What you will be doing:

• Conducting end-to-end CAF assessments across central government clients, covering all four CAF objectives and associated indicators of good practice – primarily remote, with occasional on-site visits.
• Engaging with senior stakeholders – SROs, CISOs and technical leads – to gather evidence, validate findings and present outcomes clearly.
• Writing high-quality assessment reports, gap analyses and prioritised improvement plans that clients can actually use.
• Contributing to business development – writing proposal content, attending client conversations and helping win new work alongside senior colleagues.
• Helping build the practice – refining internal methodologies, templates and tooling as we grow and scale.
• Flexing into broader delivery on your BD/delivery day – drawing on skills across risk, governance, architecture or assurance depending on where we need you.

What we are looking for:

• Hands-on experience conducting NCSC CAF assessments – you have done this for real, not just studied the framework.
• 3-5 years Cyber Security experience.
• Public Sector/Government experience.
• Solid grasp of the CAF objectives, indicators of good practice and the broader UK government cyber security landscape.
• Comfortable working independently and remotely – self-directed, organised and reliable without needing close oversight.
• Willing to be flexible – a startup means occasional shifting priorities, and the right person sees that as opportunity, not disruption.
• Current or eligible for SC clearance (active clearance strongly preferred).
• Strong written communication – producing reports that are accurate, structured and genuinely useful.

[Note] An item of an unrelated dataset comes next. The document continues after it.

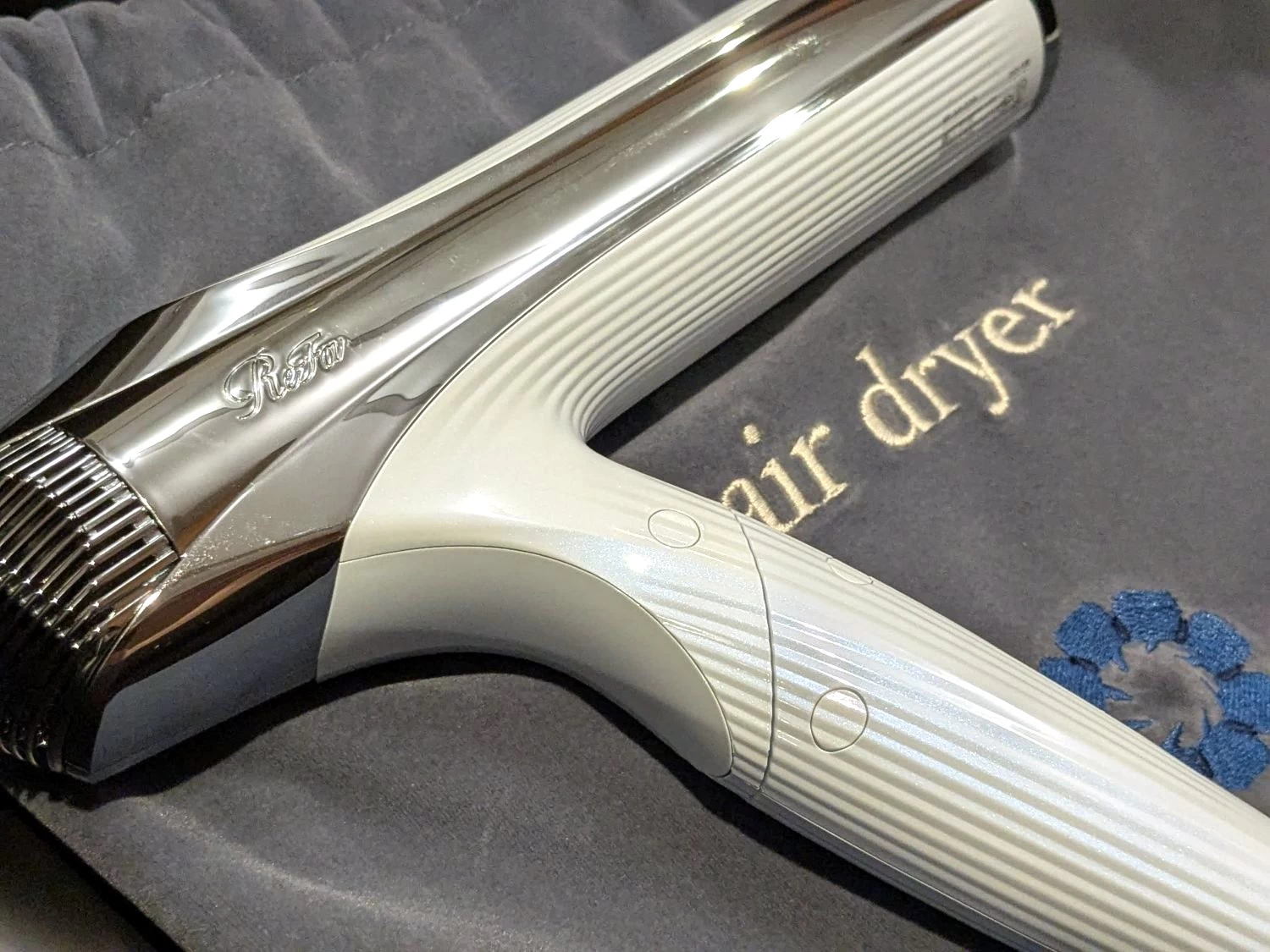 ReFa製品を全室に導入（現地にて撮影）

• Relevant certifications – CISSP, CISM, CCP (Lead Assessor or equivalent) or other NCSC-recognised qualifications.
• Background in or exposure to military, defence or government security – you will fit right in.
• Broader assurance or risk experience across ISO 27001, NIST, GovAssure or similar frameworks.
• Experience in a consulting or early-stage business – you know what it means to help build something, not just execute inside it.

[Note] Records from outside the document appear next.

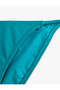 Drawstring Bikini Bottom with Tie Sides - 5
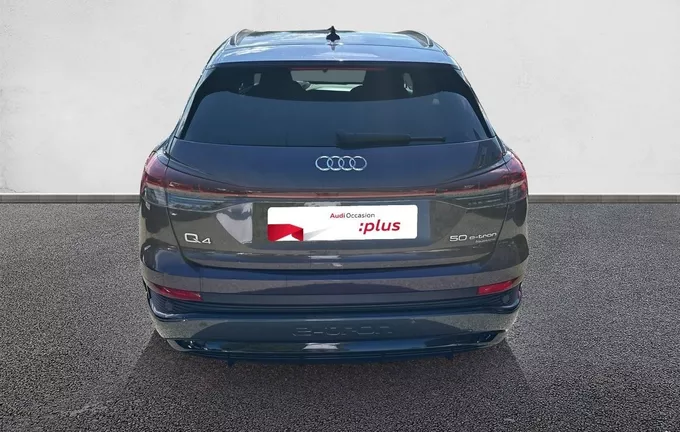 AUDI Q4 E-TRON 50 299 ch 82 kWh quattro S line extérieur arrière 2131213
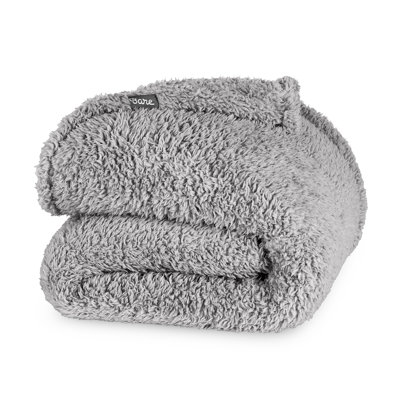 Cozy Faux Shearling Blanket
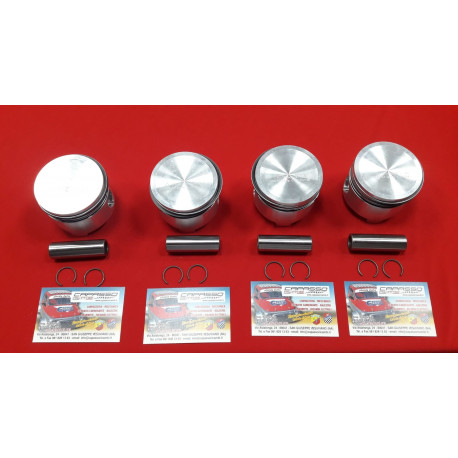 PISTONI AUTOBIANCHI A 112 ABARTH  DIAMETRO 67.2 DISPONIBILI VARIE MAGGIORAZIONI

What you can expect from the client:

• A small, capable team that operates with high standards, low ego and genuine mutual respect.
• Primarily remote working with the flexibility that brings – and infrequent, predictable UK travel when clients need you on site.
• Real influence – you will not be employee number 500. What you build here, and how you build it, will matter.
• Ongoing professional development and certification support.